Décortiquons ligne par ligne cette excuse pathétique d'analyse du risque politique. Tout d'abord, il est vrai que la protection du droit à l'avortement, sous une forme ou une autre (mais pas aussi étendue que ne le préconisent les démocrates), est populaire aux États-Unis. Cependant, peu de personnes votent en conséquence de cette question. Le droit à l'avortement arrive en cinquième position parmi les questions qui motivent les électeurs, loin derrière la crise du coût de la vie. Donc, au mieux, cela ne bénéficie à la Maison Blanche que de façon marginale.
Deuxièmement, en cette période d'inflation galopante de 8,5 % en juillet, proche du niveau le plus élevé depuis plusieurs décennies, l'insistance obstinée de Biden à dépenser sans compter ne semble pas seulement partisane, elle semble dangereuse. Les électeurs sont de loin les plus préoccupés par l'inflation et l'économie, et par la façon dont la Réserve fédérale et la Maison-Blanche de Biden ont laissé le génie de l'inflation sortir de la lampe, deux générations après que le président de la Réserve fédérale, Paul Volcker, et Ronald Reagan avaient apprivoisé la bête. Au contraire, Biden a d'abord minimisé le problème, puis a déclaré que l'inflation serait transitoire, pour enfin proposer de se concentrer plutôt sur les chiffres de la création d'emplois. Faux, faux et encore faux. Le pays rend la Maison Blanche responsable du fléau de l'inflation simplement parce que les analphabètes économiques de l'administration ont continué à dépenser de l'argent comme des marins ivres, en dépit de la réalité.

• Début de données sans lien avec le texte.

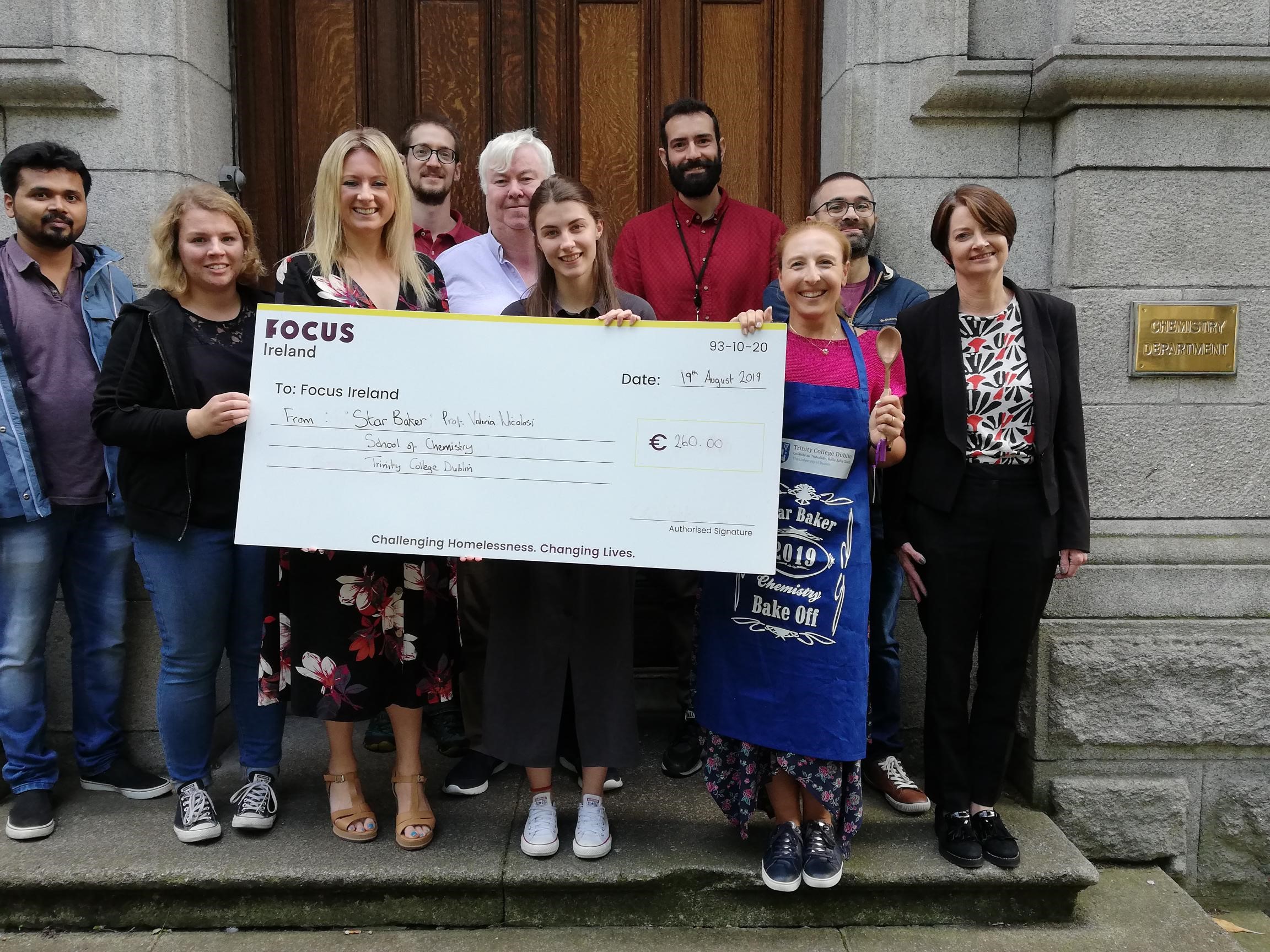 Presentation of cheque to Focus Ireland Rep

Troisièmement, la politique totalement injuste de « pardon » des prêts étudiants est manifestement mal nommée (j'ai personnellement remboursé un trésor de prêts en travaillant dur et je suis complètement mortifié à l'idée d'être ridiculisé par une Maison Blanche qui cherche honteusement à acheter des votes). Les prêts ne disparaissent pas simplement comme par magie, contrairement aux affirmations des fantasmes de la gauche. Non, ils font partie de la dette publique générale, qui devra être payée sous forme d'impôts par les personnes qui n'ont pas fait d'études supérieures et par ceux d'entre nous qui ont déjà payé leurs prêts. Pendant ce temps, les jeunes milléniaux, dont l'éthique de travail est collectivement épouvantable, prennent de nouvelles « vacances expérientielles ». Cet effort désespéré pour acheter la loyauté électorale des jeunes a peu de chances de fonctionner, car statistiquement, ils ont tendance à être trop paresseux pour voter en nombre significatif, et le reste d'entre nous est furieux contre l'injustice de ce dernier stratagème progressiste.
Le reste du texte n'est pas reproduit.